[Opening Input for this task section]

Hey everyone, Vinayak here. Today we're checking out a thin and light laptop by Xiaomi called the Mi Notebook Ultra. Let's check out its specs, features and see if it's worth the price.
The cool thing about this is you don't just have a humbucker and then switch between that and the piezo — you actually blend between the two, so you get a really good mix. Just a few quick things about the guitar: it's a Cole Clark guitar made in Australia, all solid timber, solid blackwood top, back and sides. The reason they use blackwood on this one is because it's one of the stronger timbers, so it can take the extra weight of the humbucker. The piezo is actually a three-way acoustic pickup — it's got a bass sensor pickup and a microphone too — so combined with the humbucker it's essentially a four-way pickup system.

[Closing Input for this task section]
[Opening Input for this task section]

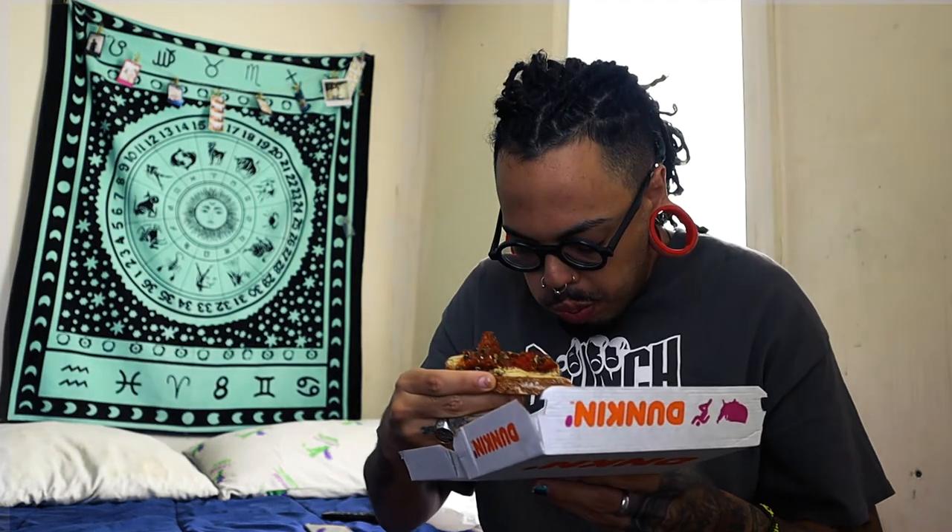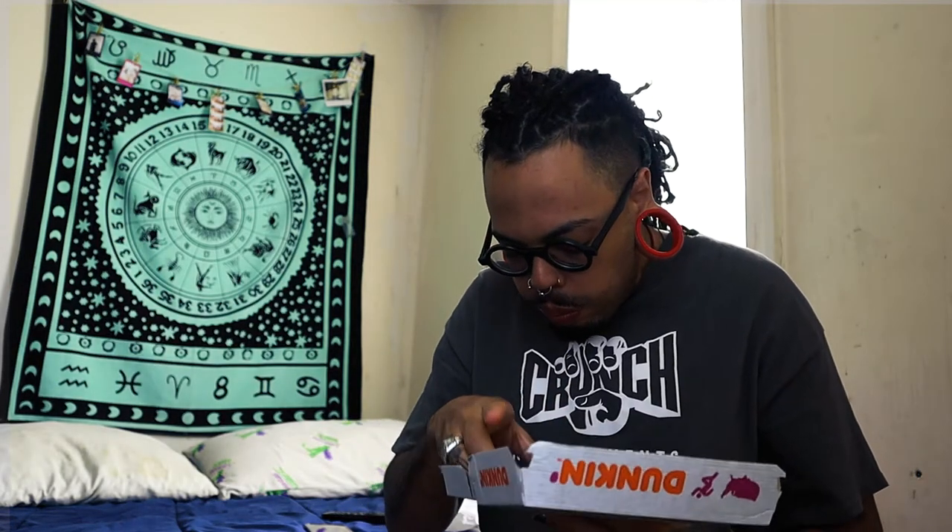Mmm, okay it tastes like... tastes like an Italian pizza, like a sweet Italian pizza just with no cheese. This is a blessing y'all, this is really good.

[Closing Input for this task section]

_What is expected_. Of the lines above, extract only those from the line with "Hey everyone, Vinayak" to the line with "The cool thing", both included, exactly as written.

_Task answer_.
Hey everyone, Vinayak here. Today we're checking out a thin and light laptop by Xiaomi called the Mi Notebook Ultra. Let's check out its specs, features and see if it's worth the price.
The cool thing about this is you don't just have a humbucker and then switch between that and the piezo — you actually blend between the two, so you get a really good mix. Just a few quick things about the guitar: it's a Cole Clark guitar made in Australia, all solid timber, solid blackwood top, back and sides. The reason they use blackwood on this one is because it's one of the stronger timbers, so it can take the extra weight of the humbucker. The piezo is actually a three-way acoustic pickup — it's got a bass sensor pickup and a microphone too — so combined with the humbucker it's essentially a four-way pickup system.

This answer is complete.